Why you should Dockerize your builds

October 15, 2020

Image credit: kees torn

Have you ever found yourself saying any of the following:

"That's weird, it works on my machine."

"I KNOW this was working yesterday before I updated my system!"

"Hello, <New Hire> - first thing to do is get your workstation set up. Just follow the instructions in these 6 different README files that were last updated 4 years ago. Feel free to ask our very friendly, very not-busy senior engineers if you run into any problems. We've budgeted 2-3 days."

"Gee, I really wish we could do continuous integration tests on real hardware but that sounds like a nightmare to set up."

The fundamental insight of Dockerized builds is a simple one - your source code alone does not fully determine the output of your build process. This seems like an obvious point, but if you've only ever done builds on your own workstation, it's easy to overlook the implicit dependencies this introduces - the specific version of your compiler and linker and their command-line arguments; system libraries and headers; possibly even the date and time (for example if you include a timestamp within your built image).

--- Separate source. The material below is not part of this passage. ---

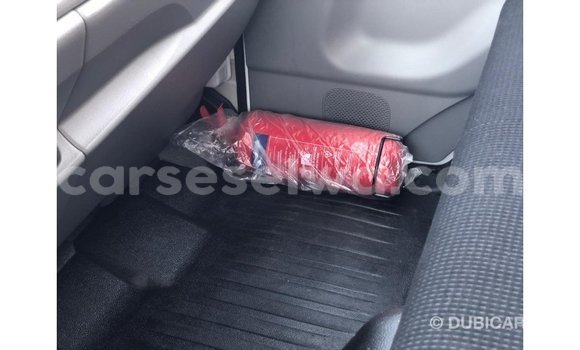 Acheter Import Voiture Mitsubishi Carisma Blanc à Import - Dubai, East Mahé Acheter Import Voiture Mitsubishi Carisma Blanc à Import - Dubai, East Mahé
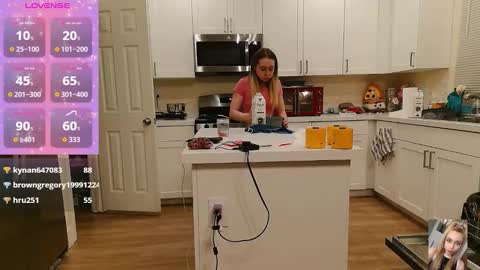 Bubbles online show from October 19, 2025, 11:22 am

While this is not terrible when working as a lone developer, it can cause problems when working with other people - after all, "Software engineering is what happens to programming when you add time and other programmers." Developer toolchain configurations and versions can drift, old code can stop working properly with new versions of the compiler, and ultimately build outputs can end up differing slightly in hard-to-trace ways across machines.

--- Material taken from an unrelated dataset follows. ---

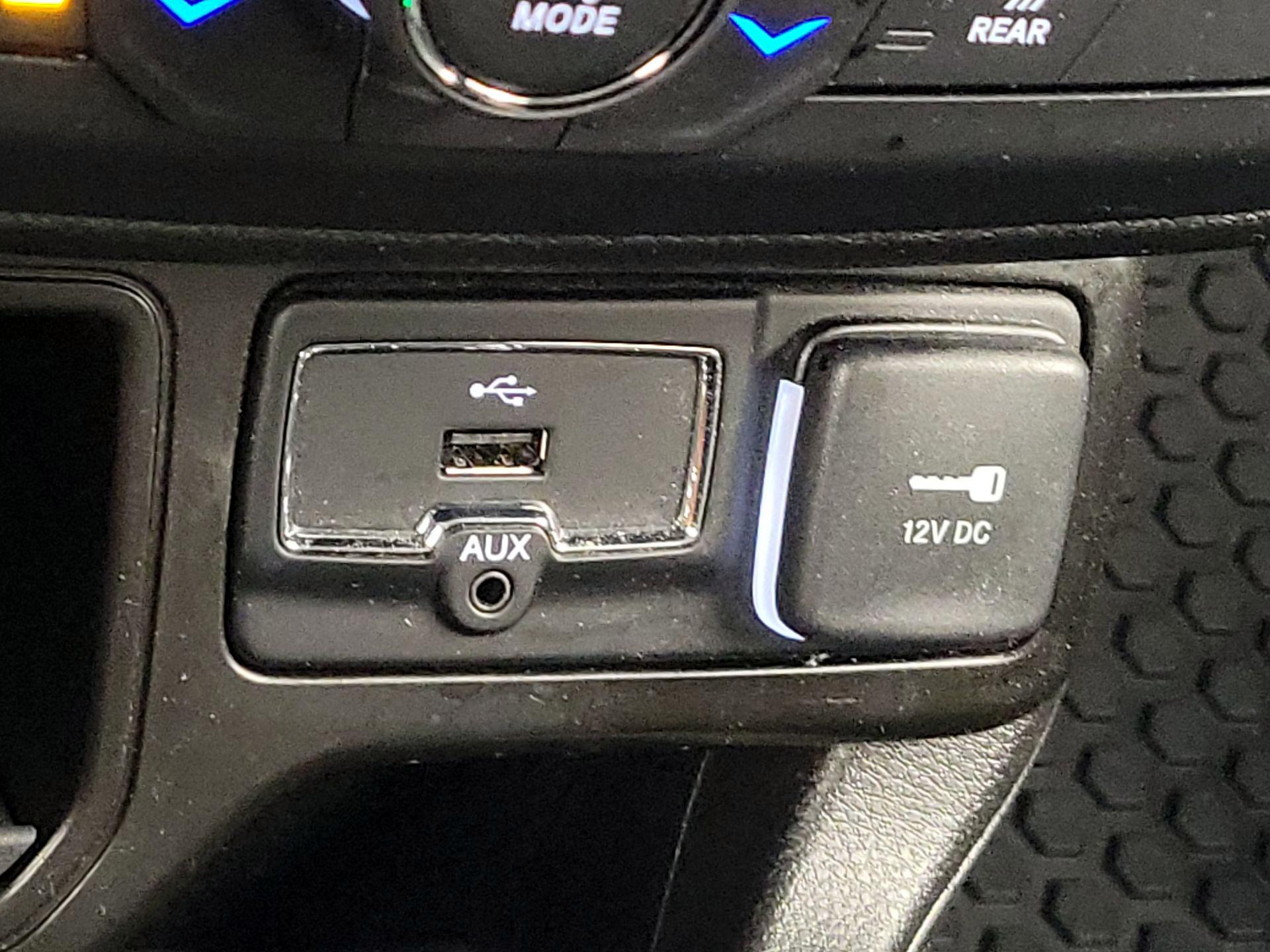 Thumbnail: 2021 Jeep Renegade - 18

Historically people have come up with a variety of solutions to these problems, but each has its own set of drawbacks. [See Appendix A]. Luckily, we have Docker now, which addresses all of these issues.

Docker gives us:

  1. Images that are totally isolated from each other - no more problems due to multiple versions of the same toolchain co-existing on the same machine
  2. Images that are self-contained by default - there's no chance of accidentally depending on something on your host machine.
  3. Images that are immutable - if two developers are using the same docker image, they're running the exact same code.
  4. Images that are stored separately from the repo, avoiding repository bloat
  5. First-class support for Linux, Windows, and MacOS
  6. Seamless integration with cloud-based build tools

In this series of blog posts we'll look at how to use a docker image to build your code locally, how to use that same image to do cloud-based builds, and finally how to use Lager to run continuous integration tests on real hardware.

 

Appendix A: Other solutions to the dependency problem.

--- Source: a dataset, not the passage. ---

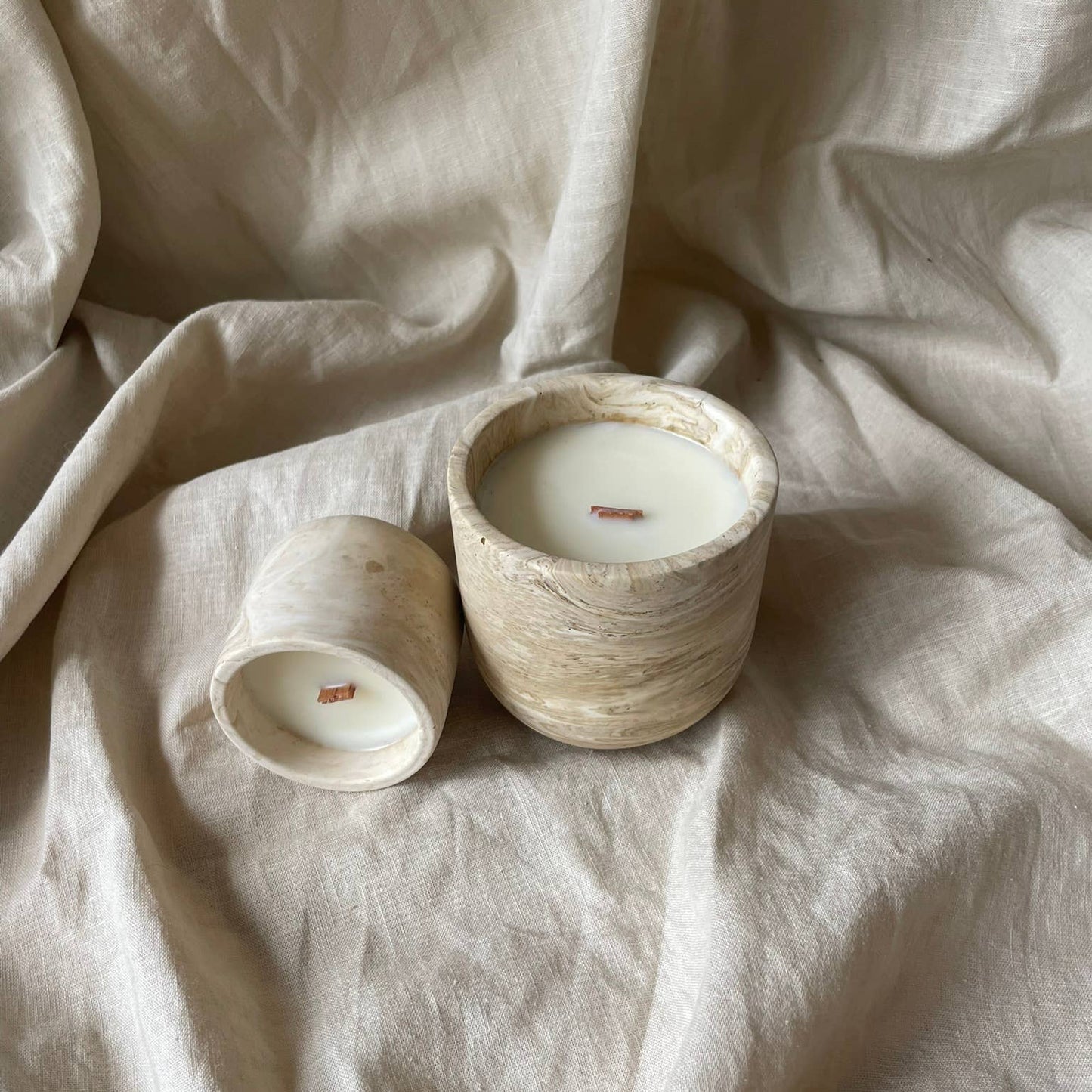 Vela aromática 'vainilla y haba tonka' de cera de soja (90gr)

  • Commit your entire build toolchain to source control - can lead to repository bloat, especially if multiple platforms / toolchains need to be supported; many source control systems don't effectively deal with large numbers of large binary files
  • Nix - No first-class Windows support, and may require substantial learning curve to set up a Nix package to support your build toolchain.
  • Saltstack / Puppet / Ansible / other configuration management software - Requires extra care to ensure all versions are fully specified and that there are no external dependencies (e.g. apt repositories). Requires a full rebuild each time e.g. in a CI environment, since it's a specification of how to produce a system and not the system itself.